▸ Assignment: Once the line containing "Un dispositivo negro" is found, copy that line and all remaining lines of the records exactly, including the last one, and add nothing.

[Brief descriptive captions]
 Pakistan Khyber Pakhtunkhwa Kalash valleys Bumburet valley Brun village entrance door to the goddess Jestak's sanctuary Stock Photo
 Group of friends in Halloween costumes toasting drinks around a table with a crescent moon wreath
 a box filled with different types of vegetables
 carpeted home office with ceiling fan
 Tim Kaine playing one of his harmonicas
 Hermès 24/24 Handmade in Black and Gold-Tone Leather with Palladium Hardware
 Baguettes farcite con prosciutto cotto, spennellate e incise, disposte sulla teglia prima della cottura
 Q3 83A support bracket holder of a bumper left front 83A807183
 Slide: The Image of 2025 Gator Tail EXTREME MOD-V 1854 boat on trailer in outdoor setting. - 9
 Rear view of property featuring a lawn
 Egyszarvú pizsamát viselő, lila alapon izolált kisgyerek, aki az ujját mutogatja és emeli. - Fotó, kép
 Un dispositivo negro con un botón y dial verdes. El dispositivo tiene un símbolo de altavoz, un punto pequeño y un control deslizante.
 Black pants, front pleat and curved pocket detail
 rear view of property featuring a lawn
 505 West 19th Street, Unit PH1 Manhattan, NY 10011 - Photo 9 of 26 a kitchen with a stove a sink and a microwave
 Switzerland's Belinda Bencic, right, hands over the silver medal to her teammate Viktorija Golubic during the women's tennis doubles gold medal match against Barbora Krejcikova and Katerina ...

▸ Answer below:
 Un dispositivo negro con un botón y dial verdes. El dispositivo tiene un símbolo de altavoz, un punto pequeño y un control deslizante.
 Black pants, front pleat and curved pocket detail
 rear view of property featuring a lawn
 505 West 19th Street, Unit PH1 Manhattan, NY 10011 - Photo 9 of 26 a kitchen with a stove a sink and a microwave
 Switzerland's Belinda Bencic, right, hands over the silver medal to her teammate Viktorija Golubic during the women's tennis doubles gold medal match against Barbora Krejcikova and Katerina ...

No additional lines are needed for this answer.